PROPOSAL FOR A STUDY OF ELECTRONIC
JOURNAL ARCHIVING
Submitted to the Andrew W. Mellon Foundation
October 13, 2000
The Harvard University Library is requesting funding from the
Andrew W. Mellon Foundation to create a plan for the archiving of
electronic journals, in response to a letter of invitation
received from the Foundation in August 2000.
BACKGROUND
The Harvard University Library, from its founding in 1638, has
sustained a commitment to preserve its vast research collections
for current and future use by scholars worldwide. In the
twentieth century, traditional book repair and rebinding
activities were complemented by a preservation microfilming
program that is more vigorous today than ever before and
continues to strengthen. Programs for collections conservation,
special collections conservation, digitization, studio
photography, and sound re-recording are equally vigorous; as are
preservation field services, disaster preparedness activities,
and efforts to upgrade environmental controls in library
buildings throughout the institution.
Two years ago the Harvard libraries received a $12 million
grant from the University to build the infrastructure needed to
support the creation, storage, and delivery storage of digital
library collections. Since then a team of library and computer
specialists has been assembled, and the development of many basic
architectural components for Harvard's digital library is now
well underway. We believe that this infrastructure will provide
the basis for a robust digital preservation program. Although we
already have enough experience to be keenly aware that
establishment of a preservation program for digital library
resources will be a complex and expensive undertaking, we
anticipate that building such a program on top of the library's
general digital collections infrastructure will help to control
development and operating costs. The components of our
infrastructure that we believe are applicable to a digital
archiving project include:
- A repository system to support reliable, sustained storage
and management of very large numbers of digital objects;
- A "naming" system to support the identification and location
of digital objects in a persistent and system-independent
way;
- A generalized model of access management to protect
intellectual property;
- Expertise in the design of metadata schemes, the information
necessary to manage, display, preserve, and re-purpose digital
objects;
- Scalable operations support to ensure the professional
operation of an ongoing production service for the ingestion and
storage of a significant number of digital objects
The library has funding to carry development of this
infrastructure forward for at least 3 more years.

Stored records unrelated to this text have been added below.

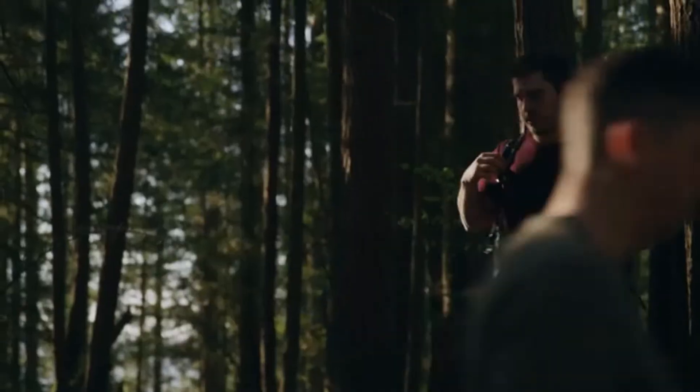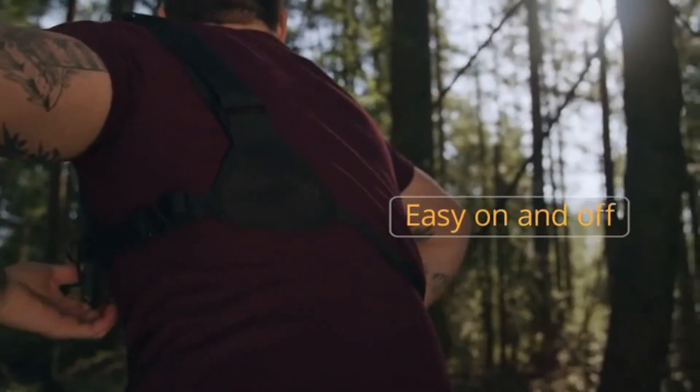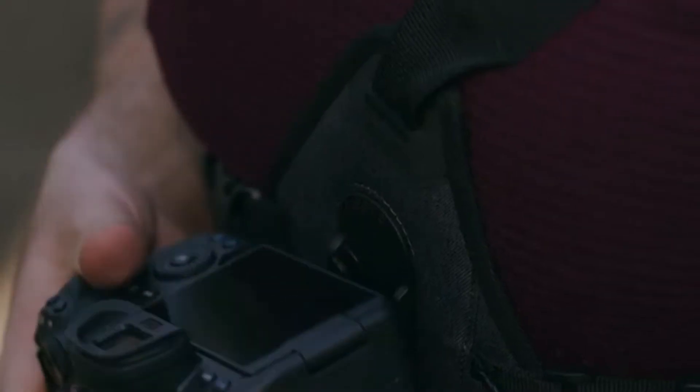This is going to be a sick feature. Come in one, two, super tight and drop straight into that berm and hit it. Let's hit it crew.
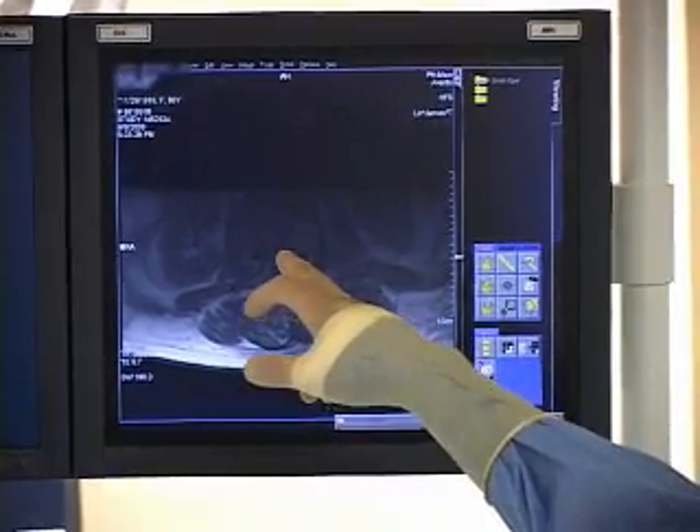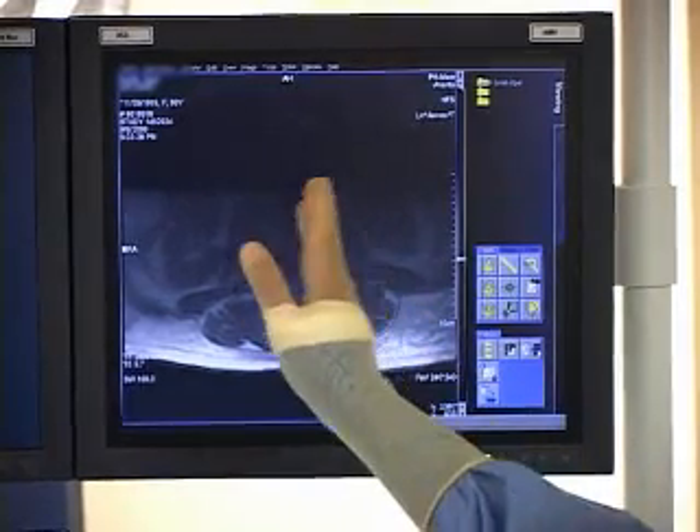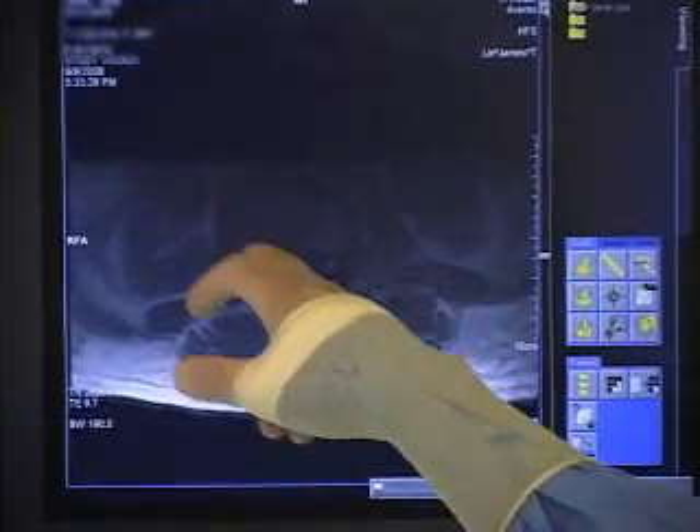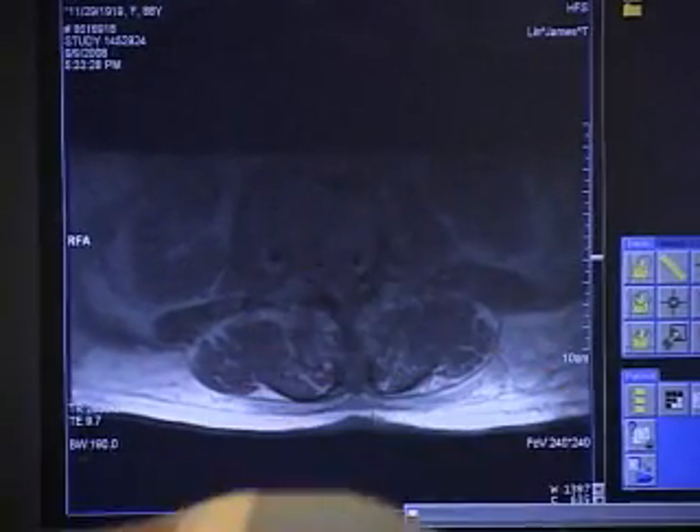This is a proton density sequence. There's an ill-defined area of soft tissue in the right hemivertebra, just adherent to the junction of the pedicle and the body. This is the area here — this is exactly where my needle is right now.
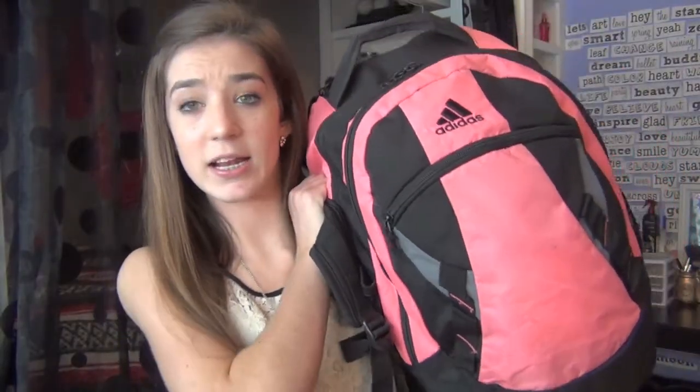I just wanted to let you guys know that. Anyway, today's video is going to be a "what's in my backpack" and I thought this would be very appropriate because school just started. So yeah, we'll go ahead and get into it.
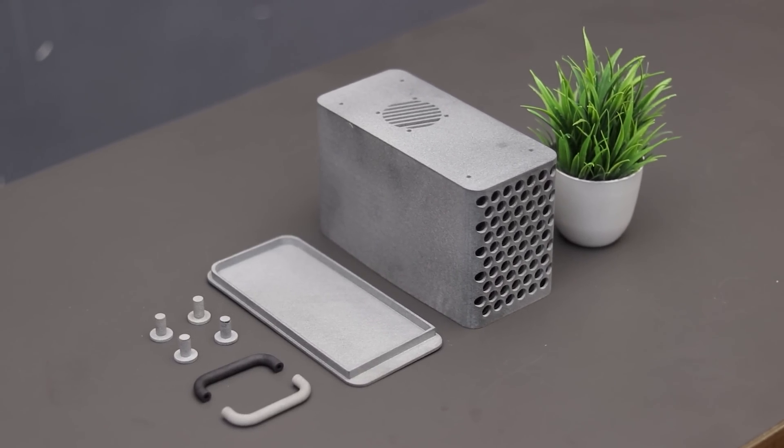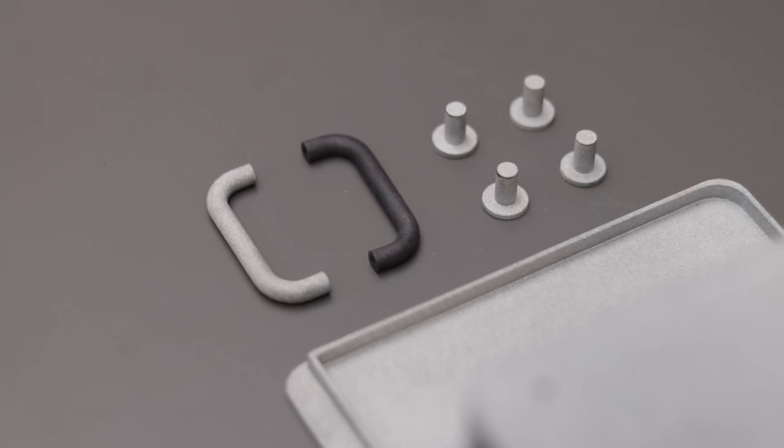As you can see guys, the quality is really good and it doesn't even look like it's a 3D printed part.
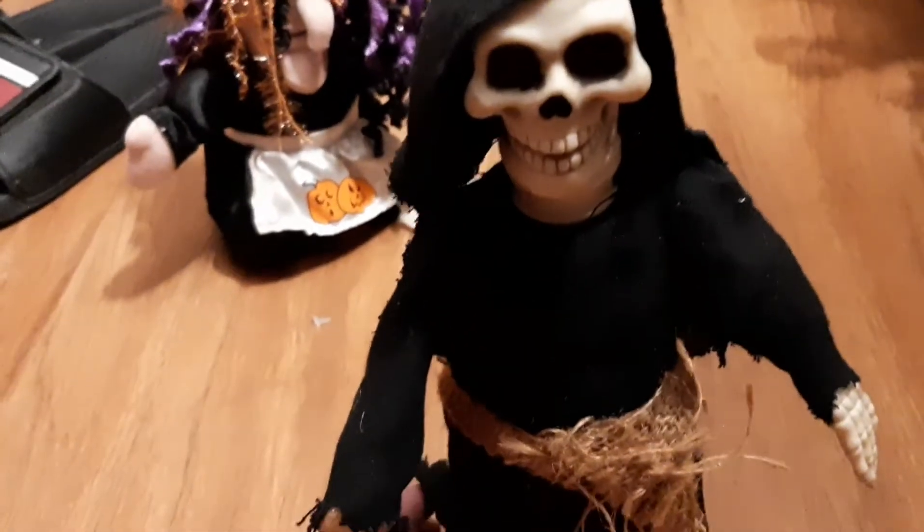The next thing I got was this Reaper motion decoration. It is missing an arm, but I thought it was cool, and it was only $0.69, so I just got it.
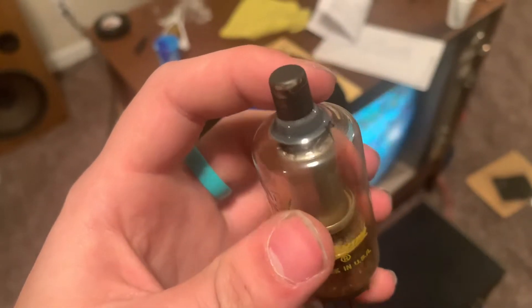I put the new tube in. This is the old tube right here, and if you look right there, there's a crack. But it's cool.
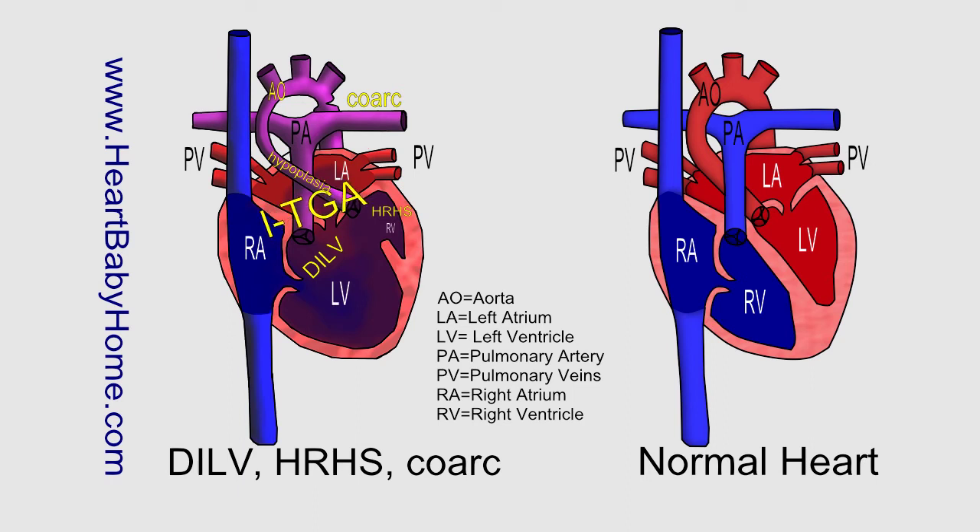LTGA — levotransposition of the great arteries, or congenitally corrected transposition of the great arteries. Now this is where the pulmonary artery and the aorta are normally situated, but the left and right ventricles have been switched.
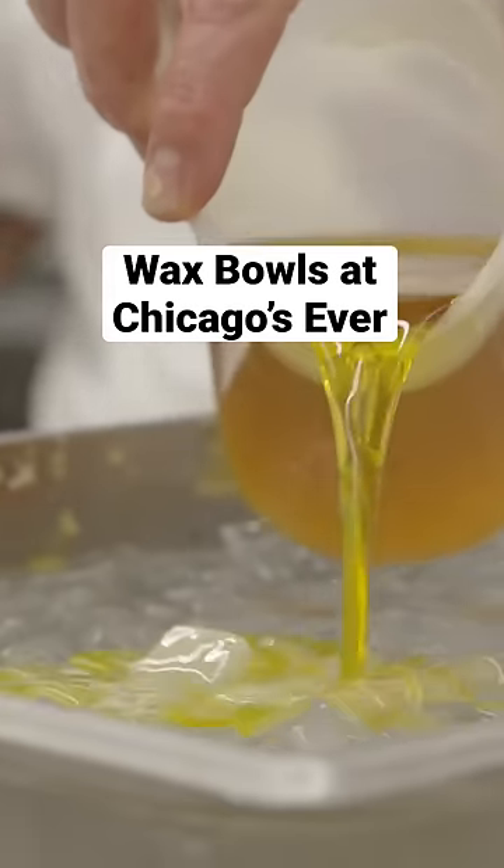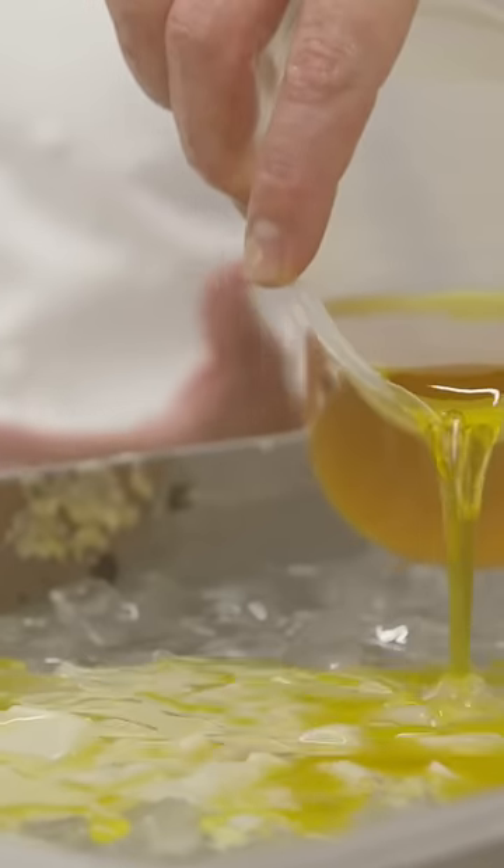Chef Lucas is making a plate for our final bite, the tiny of the evening. We take beeswax, melt it down, and then pour it over ice.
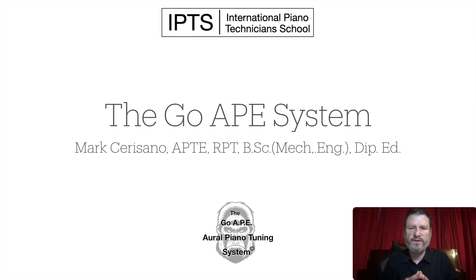Hi, this is Mark Sarrazzano, founder of the International Piano Technician School, and I'd like to do a presentation on the GOI system. It's a very powerful system of tuning pianos, and a lot of people don't know about it. So let's get started.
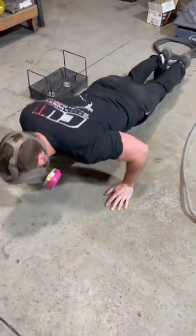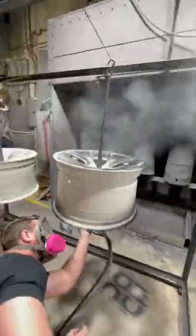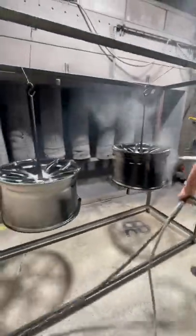Today we're going to be showing you guys how we powder coat some wheels. Before operating any heavy machinery, it's always a good idea to warm up and get a quick arm and chest pump. After that, you're ready to start powder coating.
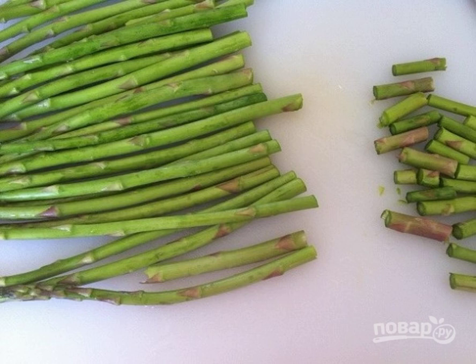Step 1. First, rinse the spinach by removing the lower rough part of the appendages. Then divide them in half, or into three parts.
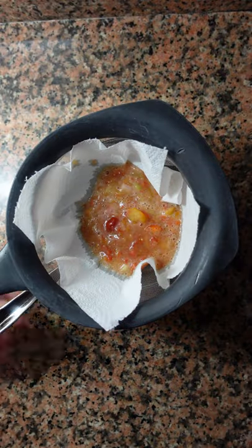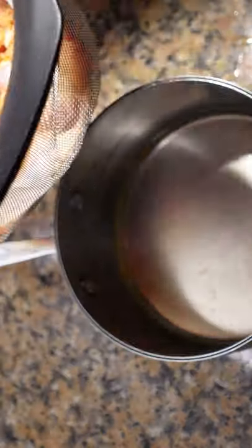Transfer it to another container and blend this. We don't want to overblend — just a couple of seconds. Pour this into a container with cheesecloth, and a container below.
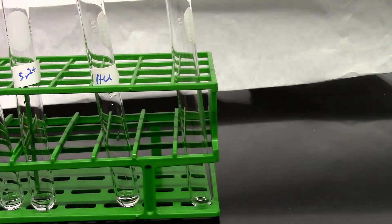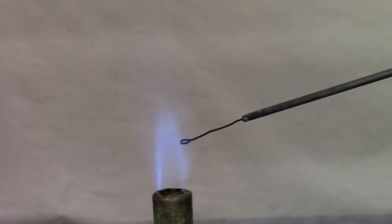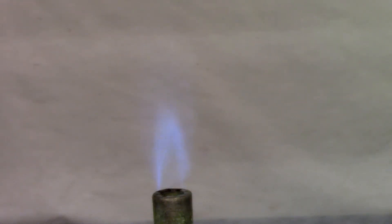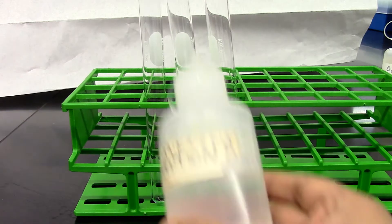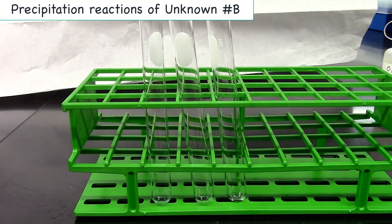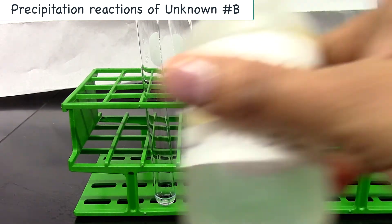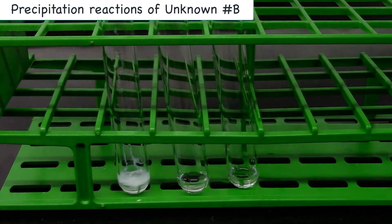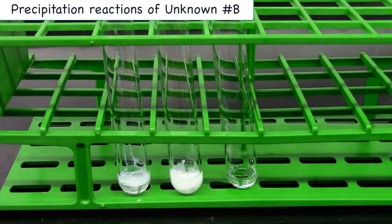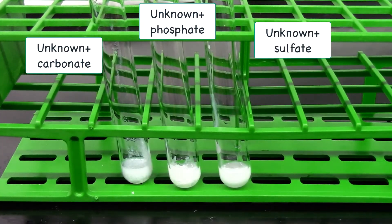I'm going to take 10 drops of metal ion solution for the flame test. Now we're going to do the flame test for our unknown solution. For the unknown I'm using unknown B. I'm going to add 10 drops of unknown into each test tube. For the first precipitation test I'm using ammonium carbonate, second ammonium phosphate, and third ammonium sulfate. The unknown forms precipitate with all three solutions. Record your observation.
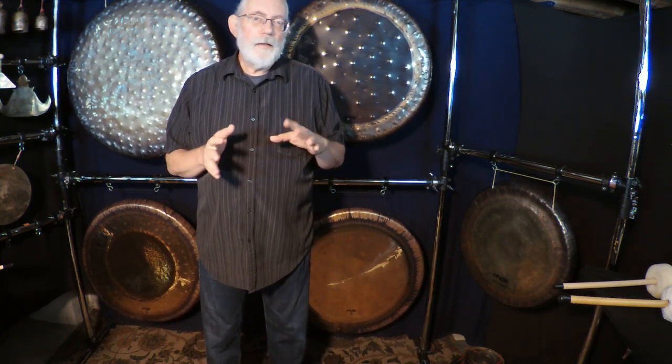Welcome to the first of a second series on the new Paiste Bronze Gongs. I'm going to be covering all seven of the gongs that I personally own, compare them to some of the other gongs I have, and also compare them to some of the other bronze gongs that I have played or heard in videos.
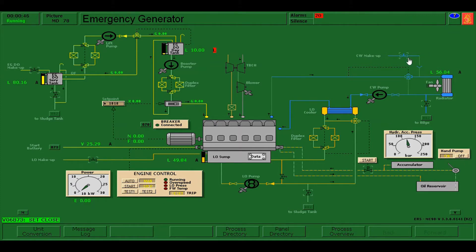Let's just wait for the pressure to be at 200. It's already 200, so I can now switch off the hand pump and we can now start the emergency generator with the use of hydraulic pressure.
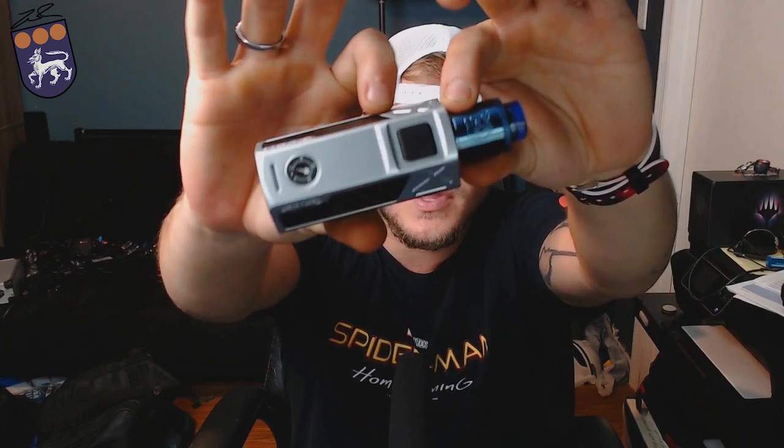Today we're talking about the Invader Two-Thirds. It's a pretty little mod and so far I've liked it. If you notice, I'm doing things a little differently today — this is actually my live-streaming camera. I've never used this camera for recording a YouTube video before, only for live streaming. If you want to see any of my live streams, you can check me out on Twitch — same name as on Instagram and everything like that. I'll have links down below.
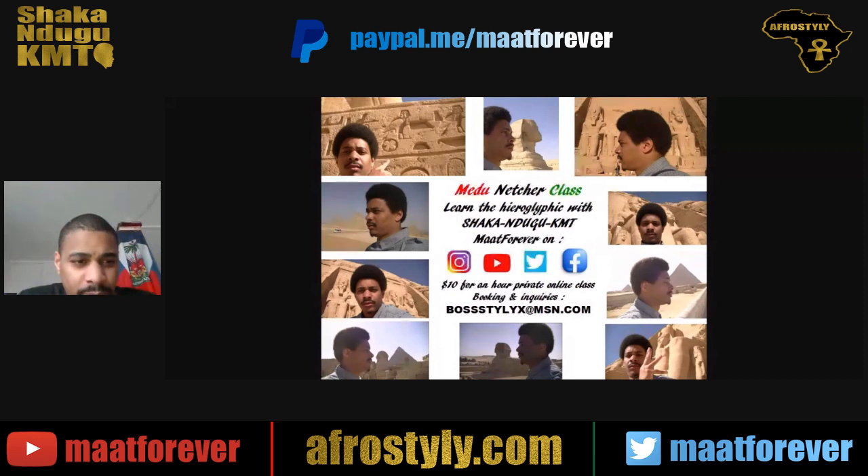Thank you all for watching. Stay safe, stay healthy, and I'll see you in the next one.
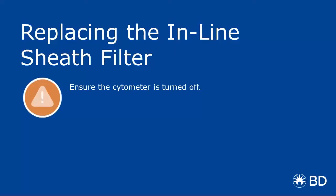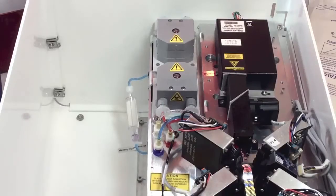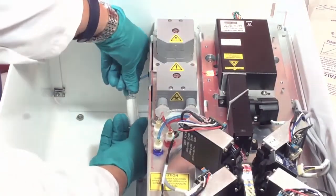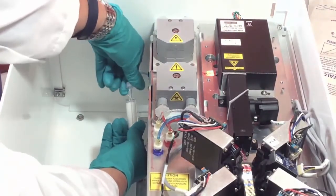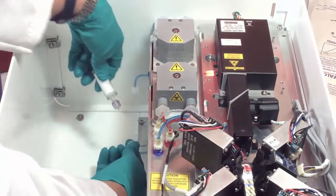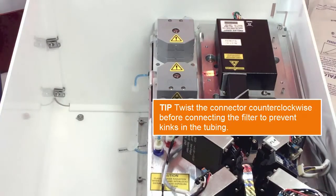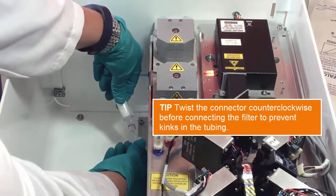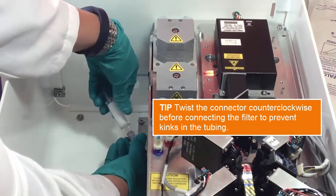Next, we'll cover the procedure for replacing the inline sheath filter. Twist the luer locks on both ends of the inline sheath filter to disconnect the locks, and then discard the filter. Install a new inline sheath filter by reconnecting the luer fittings. Make sure you write the date on the filter, that way you'll know when it was changed last.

Harvard's level of acquisition of published digital resources
is growing rapidly, and the University now lists more than 2,000
journals and databases in its electronic gateway. Shared expenses
for electronic resources across Harvard now exceed one million
dollars, and combined expenditures for the purchase of digital
resources by individual Harvard libraries is at least an equal to
this. Strategically, the growth of digital acquisitions at
Harvard has been directed toward collection priorities and the
cultivation of best practices rather than by market trends. Most
journals that we subscribe to electronically are individually
selected by subject bibliographers on the basis of merit rather
than being acquired through publisher-driven "all-or-nothing"
packages. Licensing guidelines have been developed to advise the
libraries and prospective vendors in the acquisition and
negotiation process, with an emphasis on fair use protections,
archival rights, and vendor accountability.
Currently, most of the electronic journals we offer are also
acquired in paper format. In large part this is because both
librarians and the faculty they serve are concerned about
preserving archival access for the long term, for which currently
only the paper copy will suffice. This duplication involves
duplicate costs and efforts, and is not sustainable over time.
Addressing the archiving of electronic journals is thus
strategically important to Harvard.
PLANNING TOPICS
Digital preservation is a new and very immature field. An
E-journal archiving program will involve the exploration of many
complex and ill-defined issues. During the planning process we
will analyze a number of key areas, with the intent of developing
sufficient understanding to allow us to prepare a concrete plan
for a 4-year archiving project. Among the key areas we will
address in the planning process are:
Target content
We face at least 2 key questions regarding content. The first
is, "What specific journals will we archive?" We envision a
three-part selection strategy.
- We will seek at least one arrangement with a publisher
providing a significant volume of articles (the "anchor tenant")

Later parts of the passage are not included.